The other thing that has not changed is this: the initial purpose of this blog was to share discoveries--or losses. Because it's called The Other Sock. We all know that sock--the sock without a partner, alone in a basket on the shelf in the laundry room, waiting for its mate who has supposedly gone into the dryer and never returned. There is something desperately tragic about a lonely sock and yet pathetically hopeful because you know, you KNOW, that the missing sock has to be somewhere. It can't just disappear. Growing up, those lonely socks actually were kept in a basket on a shelf in the laundry room, because my mother hoped to someday find their mates. Sometimes she did. Most often she didn't.

But imagine, what joy! at finding that misplaced sock. Especially if it's a special sock. (More about my relationship with my mother: she likes to send me seasonal socks.) How sad I am when I lose a sock with Christmas reindeer, or candy corn embroidery, or cute Easter ducklings. And how overjoyed when the long lost partner appears within the cottony depths of a folded bed sheet or a pair of pants.

Maybe it shouldn't be such a big deal. It's just a sock, right? You have lots of other socks. You can just go to the store and buy more. But it's not just about the possession of socks. It's the mystery of the loss, the hollow sense that something is missing and you don't even know how it could have happened. And then you find it, but you don't know how that happened either. The loss is a mystery, but discovery is like redemption.

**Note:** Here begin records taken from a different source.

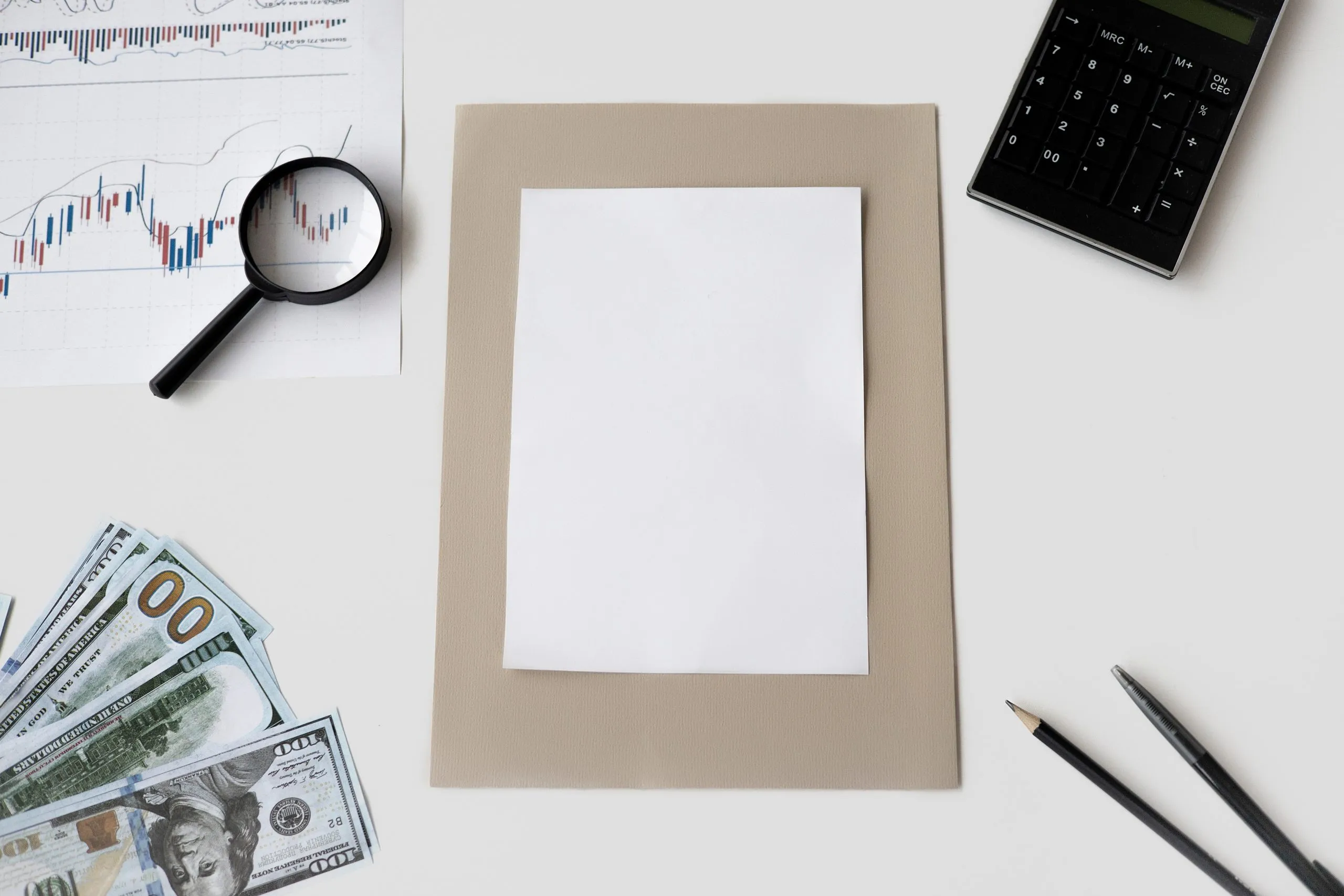 Podcast | Measuring Learning’s Impact With The L&D Detective – Kevin M. Yates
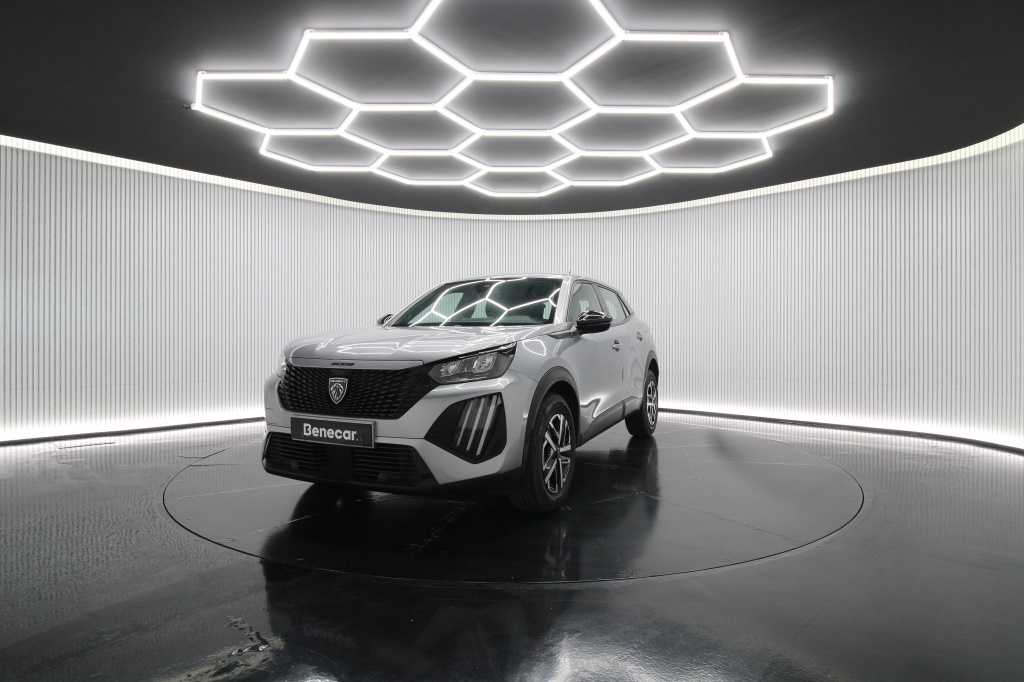 peugeot-2008-2024-gasolina-1199cc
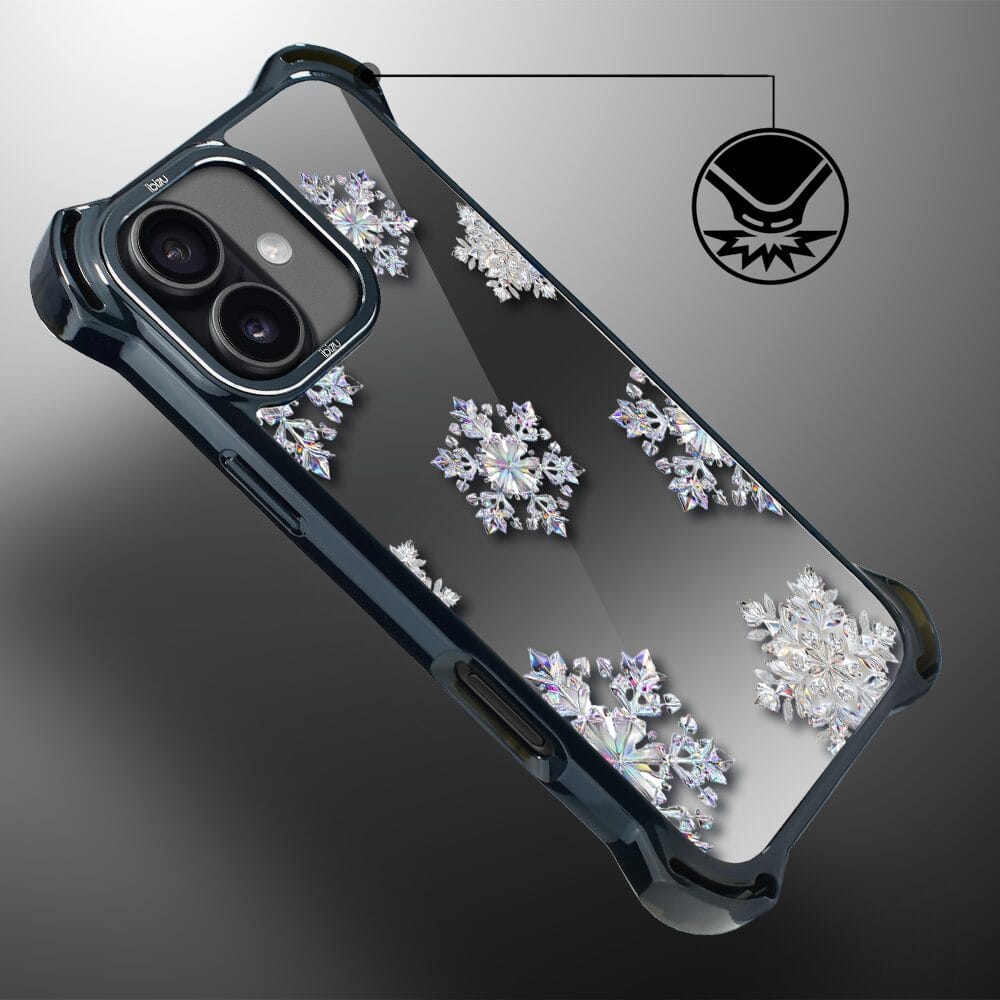 5928deb020031951d5f91939d1759f45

The Other Sock has always been about the things you lose, and the things you find.

This last month as we celebrated National Poetry Month, with poems in abundance, I lost things and found things. I slowly lost pieces of myself. Other poets would probably agree with that. When you sit down to write a poem, you take out little fragments of your soul and insert them in different puzzles on the paper. They make a pretty picture, but until someone else sees them, they're still yours. You hold your own soul in your hands and you know it is safe, you know that nobody can judge it or steal it. Sharing those pieces on a public place like a blog--even if there aren't a lot of people who read it--is a little bit like losing part of yourself. It's out there now, out in the vast space of the Internet. It's there to be judged or stolen or misread, because people often misread poetry. It's just sitting there, waiting to be misunderstood.

But with that loss, that sacrifice, something else is found: new pieces of yourself. Before, they remained within. All the poems I wrote last month used to be dormant, they used to be just fragments of emotion and feeling and deep thoughts. Now they are substantial. Now they are fully formed and whole. And, they are out in the world, about to cause someone else to feel something, someone else to find something within themselves that might turn into another feeling, another thought, another poem.

With that said, I am going to take a vacation from my blog. Not for long. Maybe a week or so. Graduation is on the 11th and with it come many goodbyes and farewells. I want to focus on being present with my friends and fellow students during these final days of college. I want to finish strong, without wondering what I will have to say to the Internet. The Internet doesn't care, anyways.

So I will see you later. I'm sure I will find something wonderful to write about before I come back.